Save the Guard from that Loop
I keep being amazed by Eric Wastl's skills of coming up with puzzles involving 2d grids and always managing to make them interesting and hardly ever repetitive 😀
This time, part 1 is a rather classical "start from a ^ point and keep straight until you bump into a # obstacle, then rotate 90 degrees towards the right, and continue until you fall beyond the grid's edge" kind of task.
....#.....
.........#
..........
..#.......
.......#..
..........
.#..^.....
........#.
#.........
......#...
Parsing the input with my established data structure (a map with an {x,y} coordinate as key and the corresponding character as the value), I just had to write a bunch of helper types and functions, specifically enums for cardinals and rotation directions:
enum Cardinal { NORTH, EAST, SOUTH, WEST }
enum Direction { LEFT, RIGHT } // only RIGHT is needed for this challenge
and functions to move straight depending on the source position and facing direction, and to right-rotate (I also did the left version, because after the past years I suspect I will need it sooner or later...):
function move(source: Coord, direction: Cardinal) {
switch (direction) {
case Cardinal.NORTH:
return new Coord(source.x, source.y - 1);
case Cardinal.EAST:
return new Coord(source.x + 1, source.y);
case Cardinal.SOUTH:
return new Coord(source.x, source.y + 1);
case Cardinal.WEST:
return new Coord(source.x - 1, source.y);
default:
throw new Error('No such cardinal');
}
}
function rotate(source: Cardinal, rotationSense: Direction): Cardinal {
switch (rotationSense) {
case Direction.RIGHT:
return (source + 1) % 4 as Cardinal;
case Direction.LEFT:
return (source - 1 + 4) % 4 as Cardinal;
}
}
Note that in my grid definition the X and Y axis point towards East and South (as opposed to North) respectively, simply because parsing the text input line by line fits this model more naturally. It's just a matter of remembering that, if the pointer is moving South, then the Y values are increasing instead of decreasing.

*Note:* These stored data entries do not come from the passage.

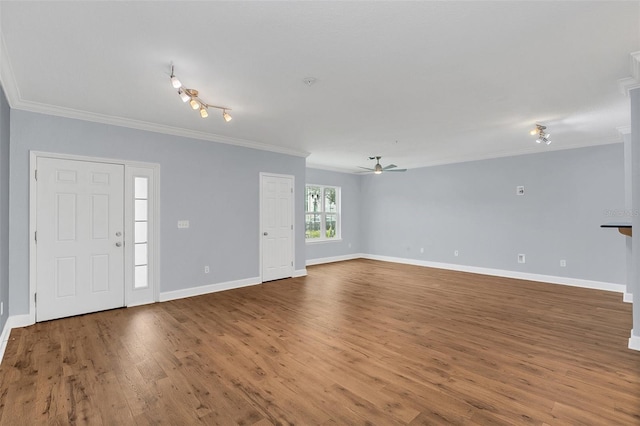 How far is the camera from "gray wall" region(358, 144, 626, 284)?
18.0 feet

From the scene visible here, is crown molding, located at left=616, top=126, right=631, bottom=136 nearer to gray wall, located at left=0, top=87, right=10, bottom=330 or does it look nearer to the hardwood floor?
the hardwood floor

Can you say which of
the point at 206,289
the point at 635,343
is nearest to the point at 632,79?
the point at 635,343

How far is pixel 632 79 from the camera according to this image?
2973 millimetres

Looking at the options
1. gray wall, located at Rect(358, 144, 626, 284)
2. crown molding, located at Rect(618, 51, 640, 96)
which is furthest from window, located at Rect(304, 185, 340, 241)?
crown molding, located at Rect(618, 51, 640, 96)

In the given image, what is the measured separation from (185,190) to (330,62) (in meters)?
3.38

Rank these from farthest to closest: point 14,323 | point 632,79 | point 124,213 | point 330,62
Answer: point 124,213
point 14,323
point 632,79
point 330,62

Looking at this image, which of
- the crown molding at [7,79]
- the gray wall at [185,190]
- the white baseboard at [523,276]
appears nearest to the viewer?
the crown molding at [7,79]

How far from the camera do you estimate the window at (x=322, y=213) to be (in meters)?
8.30

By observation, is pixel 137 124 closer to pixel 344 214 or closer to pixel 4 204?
pixel 4 204

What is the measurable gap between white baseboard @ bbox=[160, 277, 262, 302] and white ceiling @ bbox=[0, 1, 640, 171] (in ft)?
8.44

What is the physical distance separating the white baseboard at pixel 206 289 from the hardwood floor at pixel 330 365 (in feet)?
0.66

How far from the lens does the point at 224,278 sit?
5.41 meters

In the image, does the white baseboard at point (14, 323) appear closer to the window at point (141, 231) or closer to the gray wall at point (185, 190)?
the gray wall at point (185, 190)

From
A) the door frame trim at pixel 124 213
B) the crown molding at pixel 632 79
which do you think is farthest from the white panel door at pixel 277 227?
the crown molding at pixel 632 79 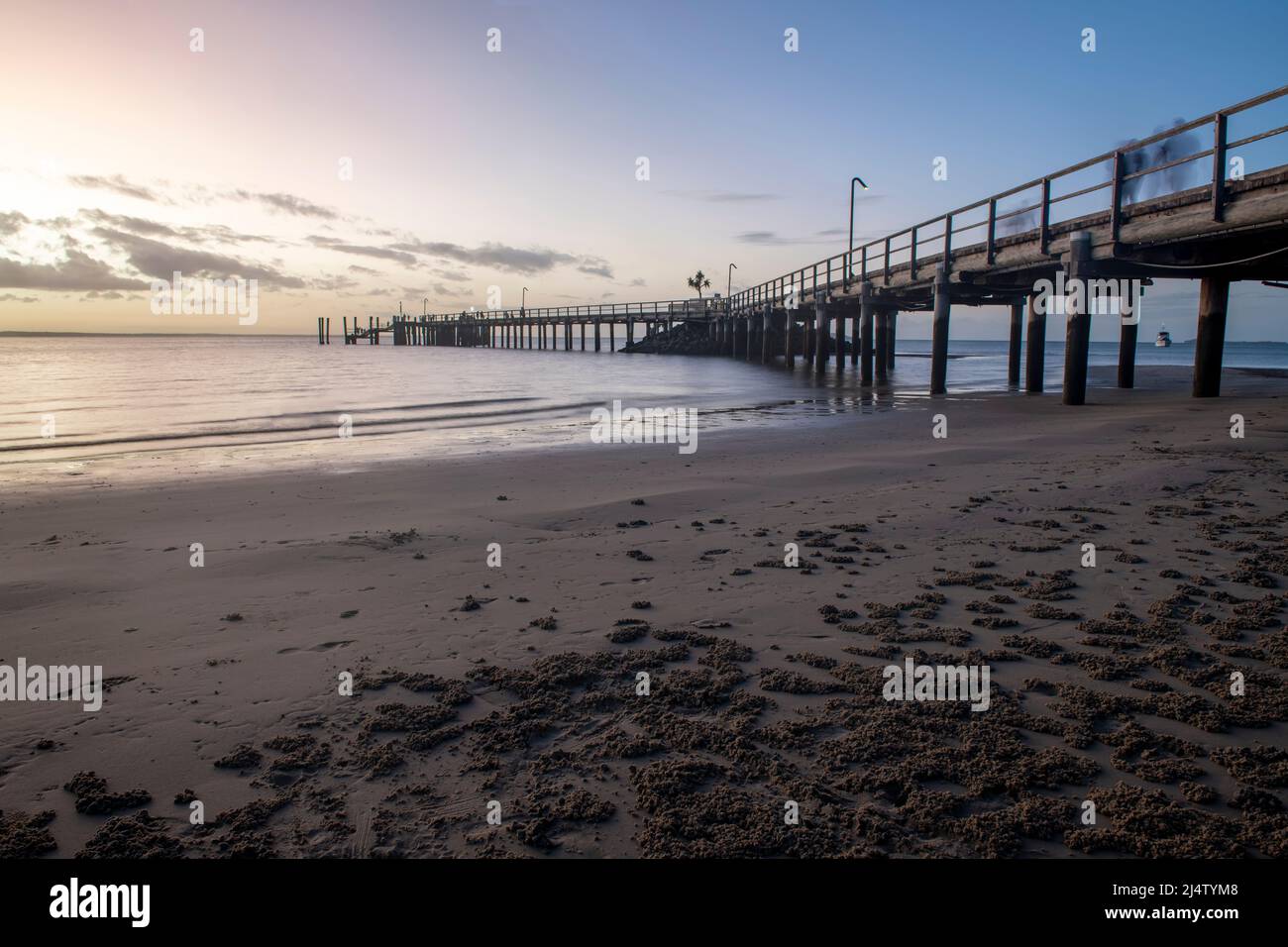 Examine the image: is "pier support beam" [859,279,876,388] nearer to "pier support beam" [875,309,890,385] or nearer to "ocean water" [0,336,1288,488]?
"pier support beam" [875,309,890,385]

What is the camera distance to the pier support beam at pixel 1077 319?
45.6 ft

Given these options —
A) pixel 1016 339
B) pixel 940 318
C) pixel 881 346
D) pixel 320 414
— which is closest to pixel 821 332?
pixel 881 346

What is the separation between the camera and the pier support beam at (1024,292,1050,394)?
19156mm

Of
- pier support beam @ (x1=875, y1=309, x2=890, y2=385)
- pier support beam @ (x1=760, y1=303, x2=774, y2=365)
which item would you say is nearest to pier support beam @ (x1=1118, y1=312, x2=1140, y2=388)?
pier support beam @ (x1=875, y1=309, x2=890, y2=385)

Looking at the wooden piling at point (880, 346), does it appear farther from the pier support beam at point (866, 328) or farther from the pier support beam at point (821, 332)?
the pier support beam at point (821, 332)

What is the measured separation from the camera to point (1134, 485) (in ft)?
25.2

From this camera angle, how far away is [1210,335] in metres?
14.7

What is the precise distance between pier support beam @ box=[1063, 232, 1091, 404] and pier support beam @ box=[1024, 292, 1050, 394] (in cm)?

The goal for part 1 is to find the number of distinct positions on the grid that the pointer (our Guard Gallivant) occupies, so the logic behind my solution is basically to let the guard move and rotate on the grid until it bumps into an edge, keeping track of the various coordinates along the way.
let currentPos = new Coord(initialPos.x, initialPos.y);
let direction = Cardinal.NORTH;
let distinctPositions = new Set();
distinctPositions.push(currentPos);let newPosCoord = move(currentPos, direction);
while (grid.get(newPosCoord)) { // Move until the grid ends, i.e. the value is undefined
if (grid.get(newPosCoord) === '#') {
direction = rotate(direction, Direction.RIGHT); // Rotate when finding an obstacle
} else if (grid.get(newPosCoord) === '.') {
distinctPositions.push(newPosCoord); // Add new coordinate to the set
currentPos = newPosCoord; // Step forward
}
newPosCoord = move(currentPos, direction); // Compute the next step based on the current position and direction
}
Of course, this logic assumes that at some point the guard steps beyond the grid indeed and does not end up walking the same path, resulting in a loop. While writing I had this in my head along with the thought "surely Eric's inputs are done well and there is no chance of ending up in a loop, no need to worry about that 😌" Well, this was true for part 1 - but guess what the task for part 2 is 😛
Essentially, now the goal is to introduce a new obstacle somewhere along the guard's path and cause them to get stuck in a loop!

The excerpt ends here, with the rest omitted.